A man stood in the doorway. “Thanks,” he said. He walked in, removing his hat and cloak, and hung both items on the hat stand. He stood before the row of chairs and plucked one of his suspenders. “I am Erwin Sarvis, as some of you know. I am your cameraman. The purpose of this meeting is to demonstrate a thaumatic camera, and afterwards begin to instruct you in its use and upkeep, including the composition of the relevant chemicals.” He opened the trunk. He removed a tripod, light, camera, cover, and metal plate, severally, uniting them in a metre-high structure. “May I have a volunteer?” he asked.

Zenervic raised his hand right away.

“Inspector Zenervic,” Sarvis said. “Thank you.”

Zenervic stood beside Sarvis. “No need,” he said. “Alright.” He brushed epaulettes with the backs of his hands. He corrected his collar. He removed his hat and balanced it on his forearm. “Where do you want me?” He looked at Brosz and rolled his eyes.

Brosz did not smile at the other man. He took out his cigarette box and matches.

“Please,” Sarvis said. “The smoke would interfere.”

Brosz nodded, resting the equipment on his knee.

Sarvis pulled Zenervic’s vacated chair away from others and placed it near the camera. “People disagree about the workings of thaumatic cameras,” he said. “Is anyone here familiar with mechanical thaumaturgy?” He paused for a few seconds. “Then I shall not bore you with the technical details, my friends. Inspector Zenervic.” Sarvis pointed at Zenervic’s chair. “If you don’t mind.”

Zenervic sat on his chair, adjusting it with his hands on either side of the seat. He twisted one of his cufflinks, then the other. He checked his collar again. He faced the camera.

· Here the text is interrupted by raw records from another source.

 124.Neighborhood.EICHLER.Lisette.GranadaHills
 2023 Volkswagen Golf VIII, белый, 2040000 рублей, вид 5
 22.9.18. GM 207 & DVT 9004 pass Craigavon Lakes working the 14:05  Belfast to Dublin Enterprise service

Sarvis hid beneath the fabric cover, one arm exposed to the room. “If you could look the lens in the eye, Inspector.”

Zenervic moved his head to one side and then back.

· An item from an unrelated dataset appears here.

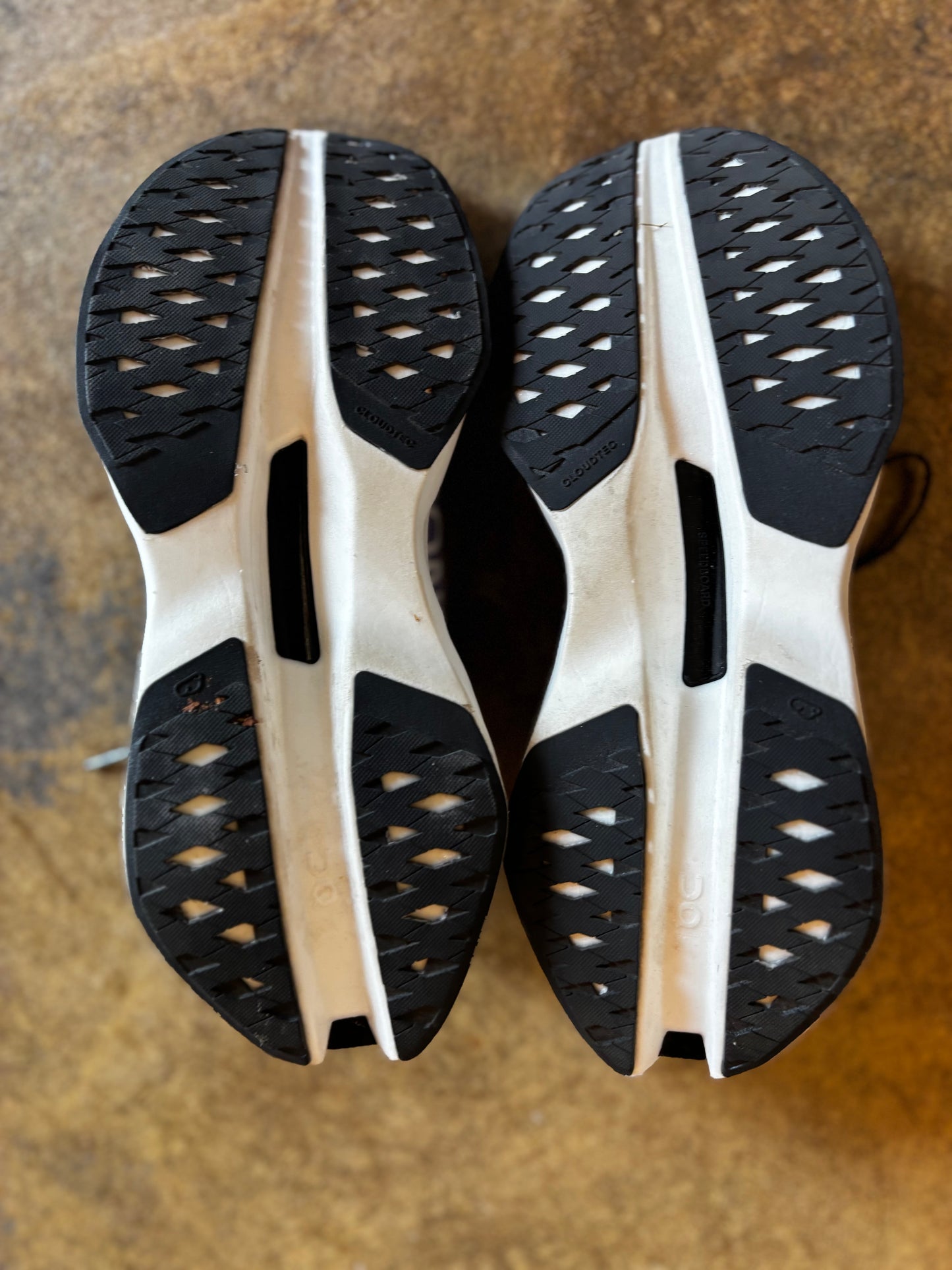 On Running Cloudboom Max Trainers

Sarvis counted from five to zero, fingers falling.

Brosz did not cover his face. He did not know to. The light chased him behind his eyelids, behind his hands. He closed his eyes several times; he rubbed his face.

“Is this normal?” Zenervic asked. “I can’t see a damn thing.” He coughed. “I need to be able to see, you know.”

Brosz heard nervous laughter.

“It subsides very quickly,” Sarvis said. “Usually.”

Brosz could make out the form of a man moving to the trunk. The man removed something from the trunk and closed it. Brosz blinked, and all the colours and forms came into place.

Sarvis opened a pot and placed it atop the trunk. He dipped a brush in the pot, and used it to coat the metal plate. He produced a small pipe with a woman’s face carved in the bowl and lit it; he nodded at Brosz. He bent over and inspected the plate. Then he offered it to Zenervic.

Zenervic examined the photograph and smiled. “I’ll be,” he said. He flashed the photo at everyone.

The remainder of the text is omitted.